Heute ist die achte und letzte Folge der aktuellen dritten Staffel von „Invincible“ (Trailer) bei Amazon Prime Video aufgeschlagen. Die Verfilmung der Comicvorlage von Robert Kirkman („The Walking Dead“, „Outcast“) um den Superhelden Mark Grayson zeigt mal wieder eindrucksvoll, dass richtig gute Superhelden-Unterhaltung keinesfalls ausschließlich in Live-Action-Realfilm funktioniert. Tatsächlich reiht sich auch die neue Staffel nahezu nahtlos in das oberste Regal moderner Inszenierungen wie „The Boys“ ein.
Die Rückkehr gelingt kraftvoll: Mark ist stärker, schneller und ausdauernder. Und kommt in einem neuen Anzug mit schwarz-blauer Optik daher. Der gefällt mir tatsächlich weniger als der vorherige gelb-blaue, soll aber vermutlich auch äußerlich symbolisieren, welchen Reifeprozess die Figur des Mark Grayson durchläuft – und wie viel düsterer die Serie „Invincible“ wird. Das Anzug-Redesign ist aber vielleicht das einzige Downgrade, das diese Staffel zu bieten hat.
Wie in den Staffeln zuvor schafft „Invincible“ auch in Season 3 wieder einen Spagat zwischen heldenhafter Action und menschlicher Emotion. Auch Humor wird immer mal eingeworfen, wobei vor allem Seth Rogen in seiner Rolle als Allen the Alien einen gehörigen Anteil daran hat. Wie gut die Serie mittlerweile in Sachen Timing ist, demonstriert auch der mal wieder äußerst gelungene Umgang mit dem „Invincible“-Titelscreen, der in abwechselnder Manier stellvertretend für einen Ausspruch des Superhelden-Namens eingeblendet wird. Visuell kommen auch Comicfreunde auf ihre Kosten. Vor allem bei den teils sehr grafischen Gewaltmotiven werden deren Ergebnisse gerne mal detailreich und wie eine groß aufgezogene Comic-Doppelseite darstellt, die einem mit aller Kraft ins Gesicht schlägt.
Aber auch in Sachen Story gibt es diese Staffel viel Gute zu sehen. Als wichtig empfand ich die Distanzierung Marks von der GDA, auch wenn die Herleitung vielleicht etwas impulsiv erfolgt ist. In dem Zuge bekommen wir endlich Einblick in die Hintergrundgeschichte von Cecil. Nicht nur hier wird mal wieder die Frage um Moral und Ethik aufgeworfen. Auch der von Gaststar Aaron Paul gesprochene Powerplex (er sagt sogar einmal „Jessi“!) bringt die interessante Frage der Verantwortung von Superheld:innen auf.

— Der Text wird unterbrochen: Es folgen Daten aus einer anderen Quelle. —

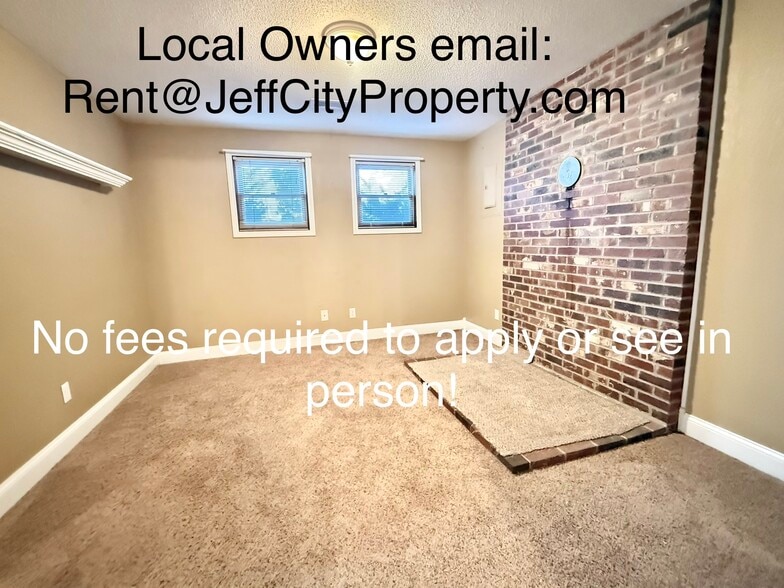 Building Photo - 2317 Independence Ct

Ein guter Ansatz, da oftmals in Superhelden-Formaten komplett unbeachtet („Yay, die Avengers haben die Welt gerettet – aber New York ist komplett kaputt…“). Diese Sichtweise sowie das Heraufwachsen einer Figur, die durch das Zurückblicken und Herauszoomen in den „Kollateralschaden“-Bereich sichtbar gemacht wird, wurde smart inszeniert.
Allgemein ist das Thema Familie wieder omnipräsent (pun intended). Sei es die Familie Grayson, die neben Superbösewichten auch noch mit dem Trotz eines heranwachsenden Superheldenteenagers zu kämpfen hat, oder die gute alte Liebe. Dabei empfand ich die Beziehungszeichnung zwischen Shrinking Rae und Rex Splode gar noch interessanter als die seit Anfang der ersten Staffel vorhersehbare Liaison zwischen Mark und Eve.
Einen kleinen Durchhänger hat die Staffel vielleicht mit Episode Fünf („This Was Supposed to Be Easy“), wobei wir dort immerhin wieder Jeffrey Donovan als den großartigen Machine Head zu sehen und vor allem hören bekommen.
Ein absolutes Highlight stellt dagegen die großartige vorletzte Folge der Staffel dar (S03E07, „What Have I Done?“). Der „Invincible War“ war ein äußerst überraschender wie furchterregendes Ereignis. Auch wenn ich froh bin, dass man diese Sensation nicht endlos aufgeblasen und ausgeschlachtet hat (beim „Dragon Ball“-Franchise, woran mich gerade diese Staffel wieder gewaltig erinnert, wäre das wohl eine ganze Staffel geworden…), finde ich schon, dass man es hätte größer aufziehen können. Das war dann doch so schnell wieder vorüber, wie es gekommen war. Das hätte man gut und gerne am Ende einer Folge anlaufen lassen, in der nächsten komplett explodieren lassen und letztlich in einer dritten abschließen können. Aber gut, „Invincible“ lebt auch vom hohen Tempo der Ereignisse. Schade nur, dass wir so jedoch erneut lediglich acht Episoden zu sehen bekommen.
Der Shot mit den wechselnden Mark-Varianten, die nacheinander in gleicher Pose gezeigt werden, war aber phänomenal gut.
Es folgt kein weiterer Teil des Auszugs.